What the exercise asks → Transcribe exactly, and without pictures, the lines from the one that contains "Close-up of black" through the last line of the material.

Data block →
·····
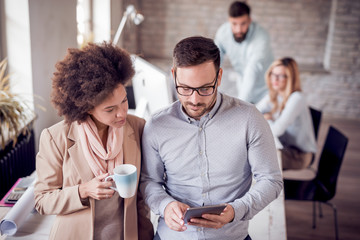 Business colleagues in modern office using tablet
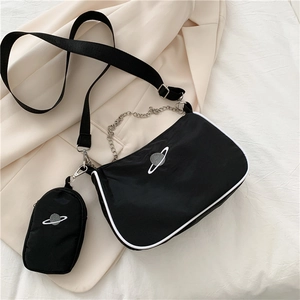 Close-up of black nylon half-moon bag with silver planet embroidery and chain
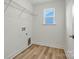Laundry room featuring wood floors, window, and hanging rack at 9481 Coast Laurel Ave # 12, Concord, NC 28027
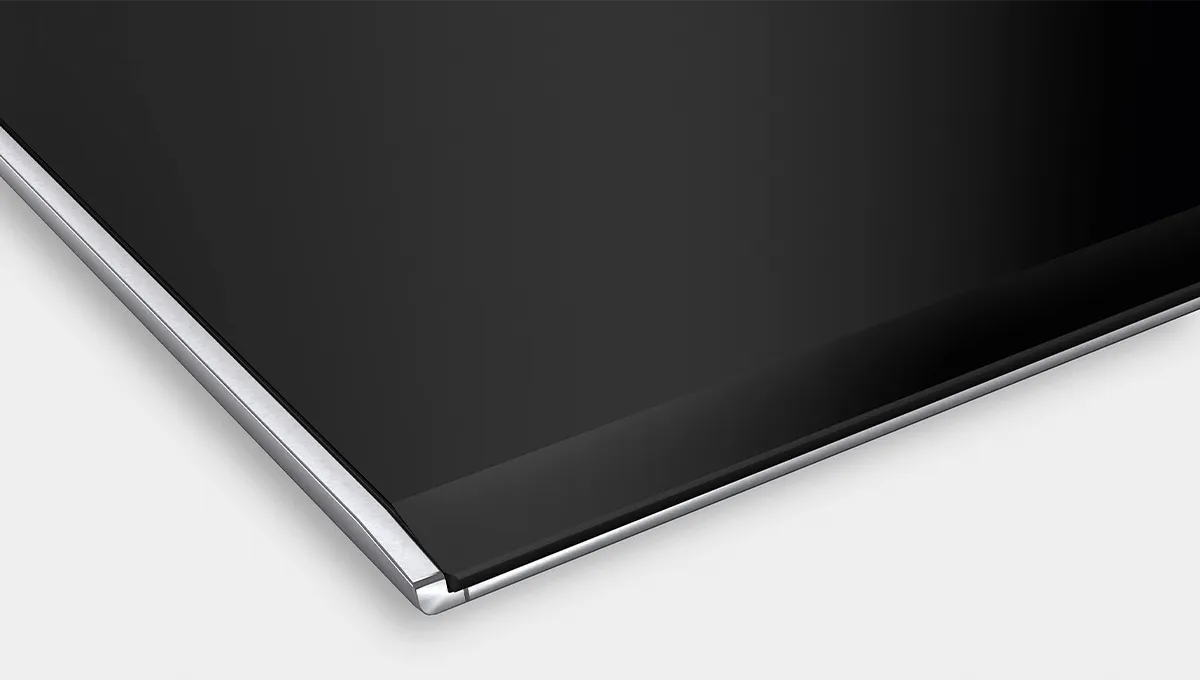 Primer plano de una superficie de encimera negra con un elegante borde metálico plateado alrededor de los bordes.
·····
Response box →
 Close-up of black nylon half-moon bag with silver planet embroidery and chain
Laundry room featuring wood floors, window, and hanging rack at 9481 Coast Laurel Ave # 12, Concord, NC 28027
 Primer plano de una superficie de encimera negra con un elegante borde metálico plateado alrededor de los bordes.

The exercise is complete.